Sécurité des ascenseurs

Le Lundi 17 mai 2021

Pour protéger les publics, des mesures spécifiques pour améliorer la sécurité des ascenseurs existants, en assurer le contrôle et l’entretien ont été mis en place dans la réglementation.

Principes généraux

Le parc d’ascenseur comprend des appareils très variés.
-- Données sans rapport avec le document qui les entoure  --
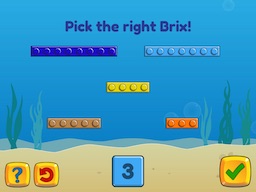 Match numbers up to 10 to different length brix Math Game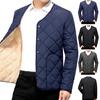 Men Winter Solid Color Down Padded Jacket Long Sleeve Pockets Single Breasted Fleece Lining Male Casual Outerwear Snow Waistcoat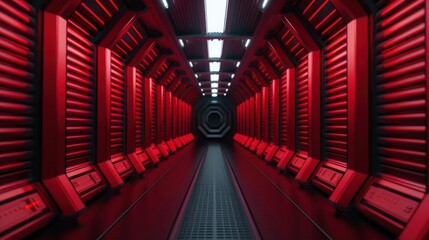 Futuristic red spaceship corridor with dramatic lighting, showcasing sci-fi design and mood, ideal for immersive virtual reality experiences.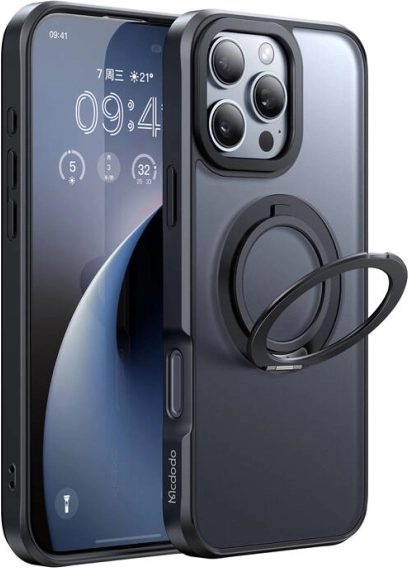 Magnetic Case with Ring Stand for iPhone 16 Pro (Black) McDodo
Le gouvernement a décidé en 2003 de mettre en place de mesures spécifiques pour améliorer la sécurité des ascenseurs existants, en assurer le contrôle et l’entretien des ascenseurs.

L’article 79 de la loi n° 2003-590 du 2 juillet 2003 urbanisme et habitat a établi trois types d’obligations pour les propriétaires d’ascenseurs :

  • l’obligation de réaliser, dans un délai de quinze ans, des travaux de mise en sécurité sur les appareils installés avant le 24 août 2000 ;
  • l’obligation de passer un contrat d’entretien au contenu minimal fixé par décret et où les responsabilités incombant à chaque partie sont clarifiées ;
  • l’obligation de réaliser périodiquement un contrôle technique de l’appareil, pour permettre de vérifier le bon état de fonctionnement de l’appareil et la conformité de l’appareil.

Depuis le 24 août 2000 et dans le cadre de la législation européenne, les ascenseurs et ses composants de sécurité sont soumis à l’obligation de marquage CE qui matérialise leurs conformités aux exigences communautaires incombant au fabricant.

La réglementation concernant les ascenseurs et les composants de sécurité pour ascenseurs est prévue aux articles L125-1 à L125-5 du code de la construction et de l’habitation (CCH) et aux articles R125-1 à R125-2-41 du CCH.

 

Obligations de conformité pour l'ensemble du parc d’ascenseurs

Depuis le 24 août 2000, la mise sur le marché des ascenseurs et des composants de sécurité utilisés dans les ascenseurs tombe sous les obligations d’apposer un marquage CE, qui matérialise sa conformité au décret n° 2016-550. Il est constitué par un sigle au graphisme unique (sigle CE) et est apposé par le fabricant ou son mandataire établi dans la Communauté. Les obligations de la directive 2014/33/UE sont transposées dans le décret n° 2016-550. En cas d’intervention d’un organisme notifié dans la phase de contrôle de la production, son numéro d’identification est intégré dans le marquage CE. Lorsque les ascenseurs ou les composants de sécurité font l’objet d’autres directives prévoyant le marquage CE, l’apposition du marquage indique également qu’ils sont conformes aux exigences de ces directives.

Exigences essentielles

Le décret n° 2016-550 décrit également  les exigences essentielles auxquelles doivent répondre les ascenseurs et les composants de sécurité, lors de la fabrication et avant leur mise sur le marché.
Tout ascenseur ou composant de sécurité fabriqué conformément aux normes harmonisées est présumé conforme aux exigences essentielles en matière de sécurité et de santé.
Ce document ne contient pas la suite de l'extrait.